白い服を着た美女の写真 Photo:PIXTA写真はイメージです Photo:PIXTA

中国の“フツーの人たち”が引き起こす、荒唐無稽な事件を、芥川賞作家・楊逸が厳選して紹介していきます。これは、美人が多いことで知られる四川省で実際に起きた事件。女子大生の肖雲彩(ショウウンサイ)は、就職先が決まらず焦っていました。ある日、求人広告の「愛人募集」に目が留まり……。

※本稿は、楊 逸『中国仰天事件簿―欲望止まず やがて哀しき中国人』(ワック出版)の一部を抜粋・編集したものです。他の事件にも興味のある方は是非、単行本をお読み下さい。

もうすぐ卒業なのに、就職先が決まらない女子大生

 肖雲彩、四川省のとある農村の出身で、2014年重慶の大学に進学したため、親元を離れ寮に移り住むようになった。

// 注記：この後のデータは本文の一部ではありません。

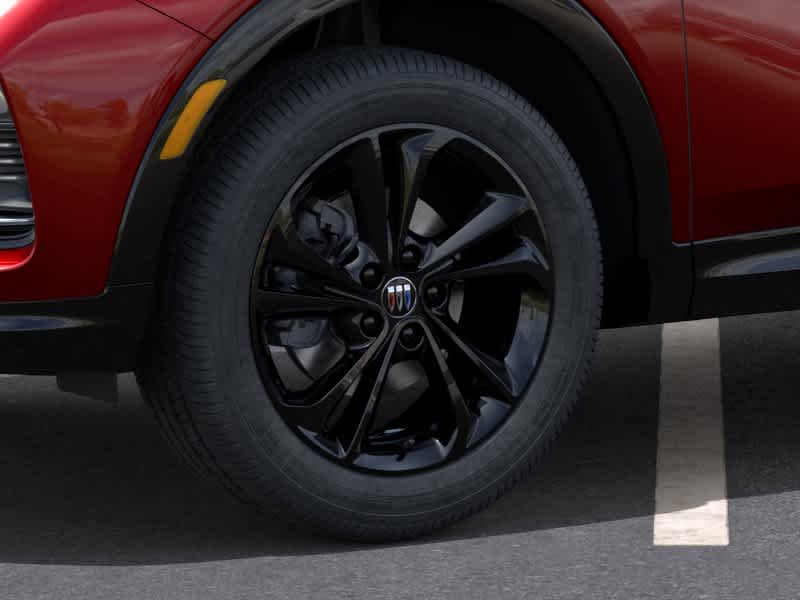 2026 Buick Envista photo 9 of 24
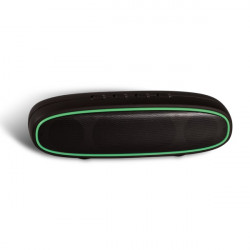 Stansson BSP360BE Prime Bluetooth hangszóró fekete-zöld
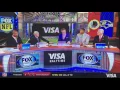 Michael Strahan reacts to disrespect from Howie Long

 2018年4月、22歳になった彼女は長い就職活動をしてもなかなか結果が出ない中、仲良しのルームメイト鄭某(チュンなにがし)に誘われるようにして、重慶市にある中堅の民営企業にインターンシップで入った。

 しかし正社員の定員は1人。3カ月間働いたのち、鄭が採用されたため、肖は落ちて、職探しを続けるしかなかった。

 同級生が次々と職を決めて、学生寮の中でも就活の話題はいつの間にか、「寮から出て行く」とか「アパートは会社の近くで借りたい」とかに変わり、彼女は焦った。それもそのはず、中国の大学は日本と違って秋入学である。6月は卒業シーズンなので、そろそろ寮から出なければならない時期だったのだ。

 むろん仲良しの鄭は就職が決まってすぐアパート探しに奔走し始めた。会社に近いエリアを狙っているようだが、何せビジネスと商業が集中している土地柄もあって、その辺は家賃が高いらしい。

「あたしとルームシェアするのってどう?」

 ある日、肖がベッドの中で求人広告をめくっているところに、寮に帰ってきた鄭が訊いてきた。

「いや、仕事がまだ決まっていないのに、アパートどころじゃないんだよね」
「そんなこと言って、ここから追い出されたらどこに住むの? 住むところがなければ職探しもうまく行かないでしょ?」

 その通りである。職探しとアパート探しを同時進行でやらなければならないのだけれど、しかし……。肖は一段と落ち込んでしまう。

 数日後、外出中の肖に鄭から電話がかかってきた。――狙うエリアで良い物件を見つけた、一緒に見てほしい、と。

 WeChatに届いた住所にすぐ駆け付けた。環境も広さも間取りも女子が二人住むのに適した部屋ではあった。ただ家賃は月1800元(約3万6000円、1元=20円で換算)。入居時に半年分一括先払いするのが契約条件だ。

 職がまだ決まっていないのに……。傍で躊躇(ためら)う肖を見て、鄭はすかさず「最初の半年分は私が立て替えておくから、仕事が決まって給料が入ったら返してくれれば良いよ」と言ってくれたので、頷いて契約書を交わした。